We don't actually have IPC. We have SPECint2006 scores, and AT use the same flags x86 vs mobile so it's not important whether it's SPECint2006 base or not. These scores are normalized ratios as well, which I'm sure some people will hate about it (just kidding!).
The way SPECint2006 measures "speed" - it is not actually considering IPC. It is considering time it takes to complete a set of tasks relative to a reference computer. But it is NOT measuring IPC or anything really analogous to it. You know why, Andrei, but I'll spell it out a little more for others like Richie Rich who seem to conflate work done with IPC.
Many people conflate IPC with work per cycle, which is false. IPC is the number of instructions the CPU can process per cycle. But what do we mean by instruction? Is it how many register transfers can be done per cycle (quite pure)? Or is it more complex: is it how many micro-ops can be done in a cycle, or how many macro-ops? And by whose definition (since even the x86 vendors use different definitions of both uop and macroop)? Or is it just how many program instructions can be burned through?
Perhaps we are most concerned with "work done" as a function of a program asking the CPU to do a task. So, if the benchmark asks the CPU to multiply the number at location x by location y and store it back at x, it sends different instructions to different ISAs:
As an example:
CISC:
MULT x, y
RISC:
LOAD A, x
LOAD B, y
PROD A, B
STORE x, A
For CISC that's one instruction and for RISC it's 4 instructions (if we take a pure "issue-based" count). If it takes four cycles to complete the task, as you'd expect, then that's 0.25 IPC for CISC and 1 IPC for RISC. But they're doing the same exact amount of work, it's just that MULT x,y is a container for 4 smaller instructions, uops. If we instead count uops, then RISC IPC = CISC IPC. But in the case of counting pure CPU instruction issues, then the IPC on the RISC chip will be artificially four times higher than on CISC.
So let's ask ourselves what we mean by IPC, and if it's even relevant: i.e. are we counting instructions issued to the chip, decoded instructions ("uops"), or macro ops? Or something else?
In the end, with the SPECint2006 scores, we are counting work done, not IPC. I think that work done is a more valid comparison. But that's up to each person. What is clear is that SPECint2006 is NOT IPC.
So it is truly VERY difficult to say with any certainty at all what the true IPC of any chip is, based on the information we have, and it's even harder when comparing x86 vs ARM because of the complexities in comparison between chips that heavily use uops and those that don't. Granted, yes, some benchmarks will send instructions that don't need to be decoded, thus removing this limitation, but boy are we going to have to dive deep if we want to compare, on a program-by-program basis, what the true IPC is. And that's only
after deciding what constitutes a true "instruction".

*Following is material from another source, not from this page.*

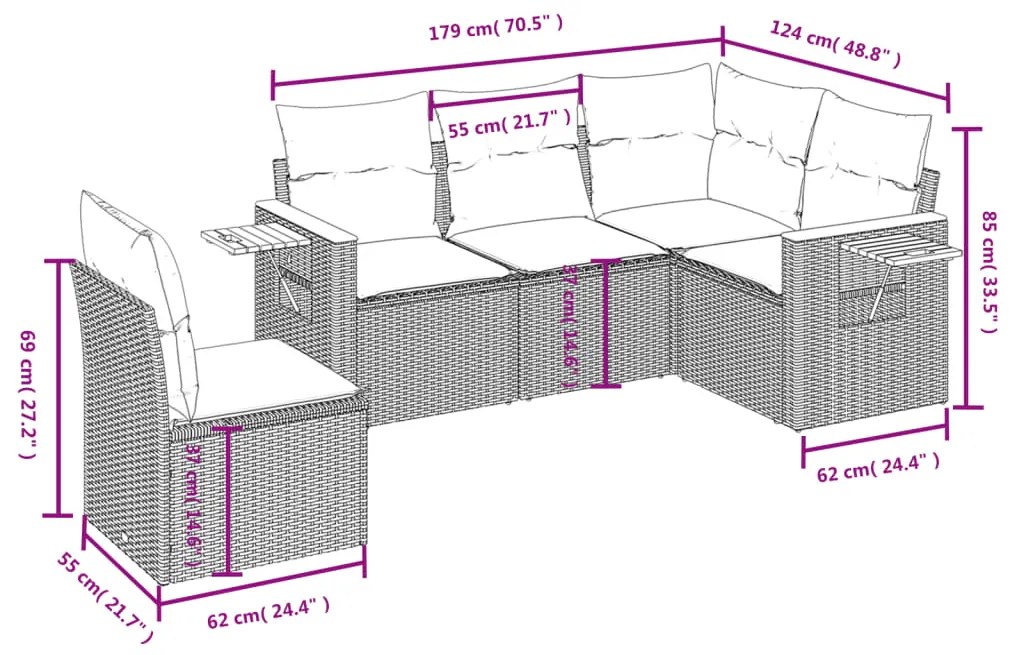 Set divani da giardino 5 pz con cuscini in polyrattan nero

About SPECint2006 normalized to GHz
Per the basic calculations in Richie Rich's signature, which are accurate given what he claims to measure, the A13 can burn through 83% more work per clock than 9900K or 3900X.

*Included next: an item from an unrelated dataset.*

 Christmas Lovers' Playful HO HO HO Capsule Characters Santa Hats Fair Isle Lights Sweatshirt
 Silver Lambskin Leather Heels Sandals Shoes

However, this is so simplified and does not go into detail. The A13 can clock up to 2.66 GHz, but doesn't all the time. Same for the 9900K and 3900X with their "boost" speeds. And on the SPECint2006 benchmarks, we don't actually know what the average clockspeed was on a test that takes a very long time to run, and may be thermally limited. So even TRYING to find out what the real IPC OR work per clock is for these chips is immediately a fairly futile task unless we get more data.
My conclusion
1. We are all over the place with our discussion with respect to IPC vs SPECint2006 vs real work achieved vs work per socket vs work per watt.
2. Richie Rich's signature claims an IPC victory for A13, but it's completely false, as no one has compared anything analogous to IPC on those chips. It doesn't even accurately encompass "work done per cycle" because he uses boost frequency as the normalizer and doesn't consider average clock speed during the benchmark (which by the way isn't even published it seems, hence we cannot know for certain the true work done per cycle).
3. This is still very fun to talk about and very applicable to Graviton2's future.